If you’ve recently harvested some lettuce from your vegetable patch, only to find that its leaves have started to turn red, you may be wondering what the problem is. It’s important to note that some lettuce varieties have red to burgundy leaves. There are also some common issues that cause lettuce to turn red. This article will look at the main reasons for lettuce turning red.
Why is my lettuce turning red?
If your lettuce has started to turn a brick-like shade of red, this indicates a problem such as oxidation, gases, or natural coloring.
Some lettuces are naturally colored red or reddish-green. These varieties tend to have crinkly leaves that grow in a rosette formation. Red leafed types include Red sails, Red fire, and Revolution. These are some of the best salad lettuces with long leaves that are red or purple at the tips.

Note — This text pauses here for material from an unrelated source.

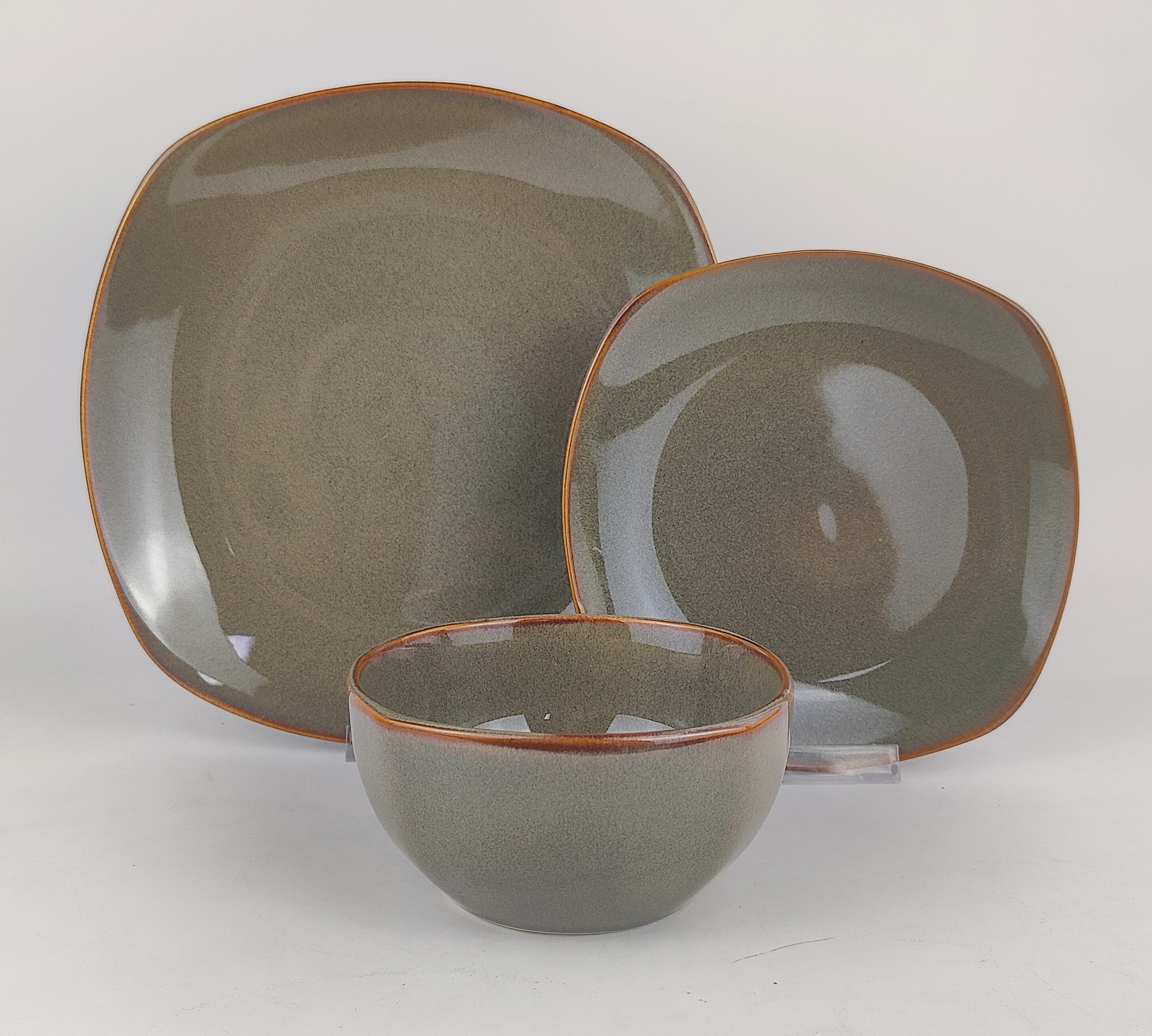 12PCS   STONEWARE   DINNER   SET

Red lettuce contains a pigment called anthocyanin that’s naturally present in their leaves. Anthocyanin is an antioxidant with many health benefits and makes the lettuce very nutritious. Eating red lettuce can help your body to combat free radicals.
If your lettuce has started to turn red after it’s been harvested while in storage, it’s likely to have been caused by oxidation. All fruit and vegetables deteriorate over time due to oxidation. This is most obviously seen on a cut apple that starts to turn brown.

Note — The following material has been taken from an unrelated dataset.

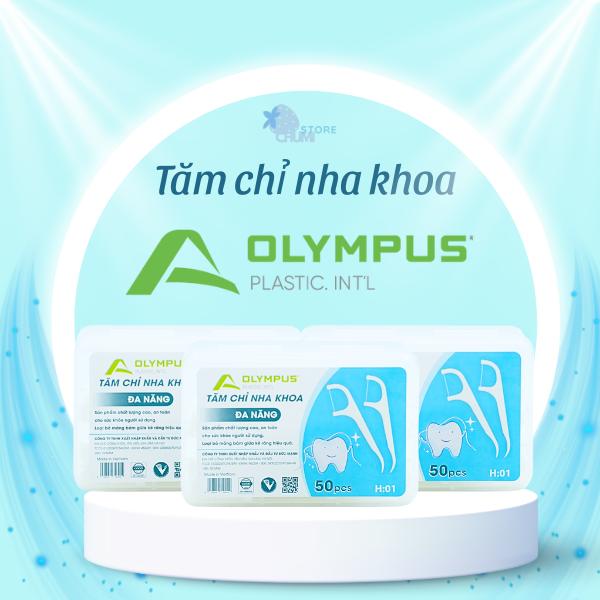 {CHÍNH HÃNG} Combo 6 - 12 Hộp tổng 300 - 600 chiếc Tăm chỉ nha khoa OLYMPUS - Hàng Việt Nam chất lượng cao - chinhakhoa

During the harvesting of leafy greens, sometimes the cell walls can become damaged, creating an issue of oxidation. This is where the leaves are crushed, causing air to enter the plant’s capillaries. An enzyme is then triggered, which results in a brick red coloration.
To try to prevent this from happening, make sure you cut your lettuce heads away from the base, exposing very little of the root itself. In addition, you should always try to wash your leaves immediately after harvesting. Ensure that they are dry before storing your lettuce in the fridge. If possible, it’s best to harvest your lettuce just before you want to eat it. This will stop the problem from occurring.
Ethylene gas can also cause lettuce to turn red. This is a natural gas that’s commonly produced by fruits and vegetables as they ripen. Fruits such as tomatoes and pears produce ethylene gas during the ripening process. It’s often recommended that you store hard pears in a paper bag to help them ripen. This works well as the Ethylene gas surrounds the pears causing them to become ripe.
The problem is that if you store lettuce beside a fruit that produces ethylene gas, then it will affect the lettuce. Many people store lettuce in the fried beside tomatoes. As tomatoes are producing ethylene gas, this also affects the lettuce and can cause it to turn red or brown.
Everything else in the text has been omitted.